White House Tells Mubarak: Transition Must Begin Immediately

Today, Egypt seethed with rage, and the United States lost patience with its ally in Cairo.

Whatever patience the United States might have had for Hosni Mubarak is pretty much at an end after today’s violence:

In today’s press briefing, the White House underscored President Obama’s call for Egypt’s President Hosni Mubarak to immediately begin his transition out of power.

Last night, Obama issued a brief public statement that included just one line about a prospective deadline for Mubarak’s exit from power: “My belief is that an orderly transition must be meaningful, must be peaceful and it must begin now,” Obama said.

But White House press secretary Robert Gibbs was more explicit Wednesday.

“‘Now’ means ‘yesterday,'” Gibbs explained. “When we said ‘now,’ we meant ‘yesterday’… that’s what the people of Egypt want to see,” Gibbs said, adding that a process that begins one week, one month, or many months from now won’t suffice.

In the meantime, Egypt’s new Vice-President, and former spy chief, says that there will be no negotiations until the protests end:

Egypt’s newly appointed vice-president has said that anti-government protests must stop before dialogue can begin with opposition groups.

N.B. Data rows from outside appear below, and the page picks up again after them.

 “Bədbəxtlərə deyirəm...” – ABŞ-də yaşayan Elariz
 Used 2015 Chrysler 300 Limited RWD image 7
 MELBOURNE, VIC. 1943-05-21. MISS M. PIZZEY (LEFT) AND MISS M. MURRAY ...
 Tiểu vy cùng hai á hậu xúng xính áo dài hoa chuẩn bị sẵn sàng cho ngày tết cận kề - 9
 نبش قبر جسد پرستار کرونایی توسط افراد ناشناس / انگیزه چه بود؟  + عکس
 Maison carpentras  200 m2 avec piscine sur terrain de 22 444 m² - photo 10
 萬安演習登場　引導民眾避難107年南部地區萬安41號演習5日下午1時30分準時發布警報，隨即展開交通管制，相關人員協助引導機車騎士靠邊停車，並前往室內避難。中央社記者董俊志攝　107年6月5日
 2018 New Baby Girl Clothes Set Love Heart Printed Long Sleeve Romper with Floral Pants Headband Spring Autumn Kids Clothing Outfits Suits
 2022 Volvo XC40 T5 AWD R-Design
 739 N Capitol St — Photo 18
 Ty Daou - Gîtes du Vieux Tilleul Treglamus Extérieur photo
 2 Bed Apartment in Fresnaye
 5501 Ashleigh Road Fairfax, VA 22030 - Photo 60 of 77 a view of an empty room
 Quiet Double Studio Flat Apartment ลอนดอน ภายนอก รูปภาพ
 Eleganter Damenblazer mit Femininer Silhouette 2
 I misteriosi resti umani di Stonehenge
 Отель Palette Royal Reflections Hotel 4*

Omar Suleiman made the comments on Wednesday, amid violent clashes in central Cairo between pro-and anti-government demonstrators that have left at least one dead and hundreds injured.

Suleiman, the former head of intelligence named vice-president on Saturday by President Hosni Mubarak, urged demonstrators to respect an earlier call from the Egyptian army and return to their homes, state media said.

Suleiman called on “all citizens to respond to our armed forces’s call to return to your homes and respect the curfew, to support the state’s efforts to restore calm and stability.

“Those taking part in these protests have delivered their message,” he said.

“Dialogue with the political [opposition] forces… requires that the demonstrations end and the Egyptian street returns to normal,” he said.

This, of course, creates a bit of an impasse since the opposition has already said that they won’t negotiate until Mubarak steps down from power. So, the question now is what happens next. There’s a tense standoff in Tahrir Square in Cairo, as well as reports of violence in other parts of the country. As midnight approaches, it looks for all the world like we’re headed for another day of what could be bloody protests.

FILED UNDER: Middle East, World Politics, , ,
Doug Mataconis
About Doug Mataconis
Doug Mataconis held a B.A. in Political Science from Rutgers University and J.D. from George Mason University School of Law. He joined the staff of OTB in May 2010 and contributed a staggering 16,483 posts before his retirement in January 2020. He passed far too young in July 2021.

Comments

  1. ponce says:

    Meanwhile, in Jerusalem, Mike Huckabee tells West Bank Palestinians to get out of “Israel” and move to an “Arab” country.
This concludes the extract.